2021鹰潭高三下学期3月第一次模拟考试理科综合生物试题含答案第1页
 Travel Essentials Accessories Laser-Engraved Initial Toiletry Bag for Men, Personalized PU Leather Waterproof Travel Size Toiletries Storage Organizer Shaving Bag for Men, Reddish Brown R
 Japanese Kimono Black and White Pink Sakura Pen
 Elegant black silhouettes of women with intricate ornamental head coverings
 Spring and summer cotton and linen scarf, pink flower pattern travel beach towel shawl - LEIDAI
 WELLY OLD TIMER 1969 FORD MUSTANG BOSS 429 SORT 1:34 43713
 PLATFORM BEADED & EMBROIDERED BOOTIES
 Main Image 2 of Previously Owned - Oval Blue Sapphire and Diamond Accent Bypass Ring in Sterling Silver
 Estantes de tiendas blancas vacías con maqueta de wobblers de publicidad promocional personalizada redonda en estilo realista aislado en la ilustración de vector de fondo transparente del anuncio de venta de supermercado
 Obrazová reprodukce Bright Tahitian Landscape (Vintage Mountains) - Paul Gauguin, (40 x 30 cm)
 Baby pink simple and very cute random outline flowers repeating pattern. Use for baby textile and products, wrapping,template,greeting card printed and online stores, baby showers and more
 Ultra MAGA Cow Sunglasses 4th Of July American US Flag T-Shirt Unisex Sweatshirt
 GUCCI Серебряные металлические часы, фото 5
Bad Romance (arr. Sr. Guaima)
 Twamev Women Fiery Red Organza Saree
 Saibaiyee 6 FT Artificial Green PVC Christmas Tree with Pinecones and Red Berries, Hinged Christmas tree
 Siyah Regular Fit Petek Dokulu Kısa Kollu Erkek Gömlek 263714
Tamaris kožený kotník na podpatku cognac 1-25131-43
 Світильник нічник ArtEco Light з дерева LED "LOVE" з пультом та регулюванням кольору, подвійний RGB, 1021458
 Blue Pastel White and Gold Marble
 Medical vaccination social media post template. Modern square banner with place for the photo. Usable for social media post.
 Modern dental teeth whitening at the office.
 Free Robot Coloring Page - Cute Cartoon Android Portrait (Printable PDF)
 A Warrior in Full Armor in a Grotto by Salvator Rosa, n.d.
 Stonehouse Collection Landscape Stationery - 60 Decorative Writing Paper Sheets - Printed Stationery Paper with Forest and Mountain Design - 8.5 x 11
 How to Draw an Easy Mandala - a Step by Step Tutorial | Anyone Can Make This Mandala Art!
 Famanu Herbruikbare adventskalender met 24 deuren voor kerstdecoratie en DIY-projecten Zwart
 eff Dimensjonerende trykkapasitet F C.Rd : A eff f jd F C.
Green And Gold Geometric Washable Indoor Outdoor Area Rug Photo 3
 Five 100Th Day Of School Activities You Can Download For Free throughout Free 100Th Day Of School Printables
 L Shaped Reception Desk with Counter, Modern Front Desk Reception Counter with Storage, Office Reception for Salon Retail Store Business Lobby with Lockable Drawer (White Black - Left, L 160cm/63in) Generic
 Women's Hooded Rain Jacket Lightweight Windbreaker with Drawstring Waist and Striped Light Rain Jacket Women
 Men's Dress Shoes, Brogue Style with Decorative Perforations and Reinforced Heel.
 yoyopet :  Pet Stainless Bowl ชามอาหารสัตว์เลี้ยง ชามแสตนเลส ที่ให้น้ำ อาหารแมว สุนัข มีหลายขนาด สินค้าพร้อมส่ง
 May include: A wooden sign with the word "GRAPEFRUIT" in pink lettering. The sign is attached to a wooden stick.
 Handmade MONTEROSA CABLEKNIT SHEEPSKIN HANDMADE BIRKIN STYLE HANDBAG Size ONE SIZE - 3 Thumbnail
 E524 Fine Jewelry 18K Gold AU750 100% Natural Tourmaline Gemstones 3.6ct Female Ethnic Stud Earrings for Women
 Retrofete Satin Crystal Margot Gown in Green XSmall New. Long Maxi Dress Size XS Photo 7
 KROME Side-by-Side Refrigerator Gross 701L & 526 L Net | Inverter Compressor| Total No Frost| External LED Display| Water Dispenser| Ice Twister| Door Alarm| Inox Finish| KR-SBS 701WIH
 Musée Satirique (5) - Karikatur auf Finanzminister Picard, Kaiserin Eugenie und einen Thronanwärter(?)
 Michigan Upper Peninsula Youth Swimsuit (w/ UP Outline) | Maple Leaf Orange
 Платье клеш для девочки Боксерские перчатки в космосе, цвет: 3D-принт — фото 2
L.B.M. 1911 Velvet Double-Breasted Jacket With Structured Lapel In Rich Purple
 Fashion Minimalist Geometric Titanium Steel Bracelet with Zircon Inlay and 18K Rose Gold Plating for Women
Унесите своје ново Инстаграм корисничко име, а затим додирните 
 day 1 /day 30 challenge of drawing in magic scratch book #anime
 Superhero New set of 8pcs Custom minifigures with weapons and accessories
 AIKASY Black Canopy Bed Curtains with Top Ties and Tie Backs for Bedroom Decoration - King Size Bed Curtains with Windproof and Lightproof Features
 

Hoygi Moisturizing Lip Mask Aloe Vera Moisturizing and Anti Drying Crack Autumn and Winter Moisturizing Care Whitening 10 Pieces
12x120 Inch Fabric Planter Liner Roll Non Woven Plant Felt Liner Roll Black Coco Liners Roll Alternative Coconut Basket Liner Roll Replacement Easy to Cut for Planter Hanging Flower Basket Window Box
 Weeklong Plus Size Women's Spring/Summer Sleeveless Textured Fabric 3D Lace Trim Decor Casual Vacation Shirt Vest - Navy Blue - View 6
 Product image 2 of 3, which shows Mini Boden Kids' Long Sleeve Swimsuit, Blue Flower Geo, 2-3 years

******

> [Exercise prompt] Could you return exactly the lines above from the line with "Twamev Women Fiery Red Organza Saree" to the line with "A Warrior in", both included, and nothing else?

> [Output for this exercise]
 Twamev Women Fiery Red Organza Saree
 Saibaiyee 6 FT Artificial Green PVC Christmas Tree with Pinecones and Red Berries, Hinged Christmas tree
 Siyah Regular Fit Petek Dokulu Kısa Kollu Erkek Gömlek 263714
Tamaris kožený kotník na podpatku cognac 1-25131-43
 Світильник нічник ArtEco Light з дерева LED "LOVE" з пультом та регулюванням кольору, подвійний RGB, 1021458
 Blue Pastel White and Gold Marble
 Medical vaccination social media post template. Modern square banner with place for the photo. Usable for social media post.
 Modern dental teeth whitening at the office.
 Free Robot Coloring Page - Cute Cartoon Android Portrait (Printable PDF)
 A Warrior in Full Armor in a Grotto by Salvator Rosa, n.d.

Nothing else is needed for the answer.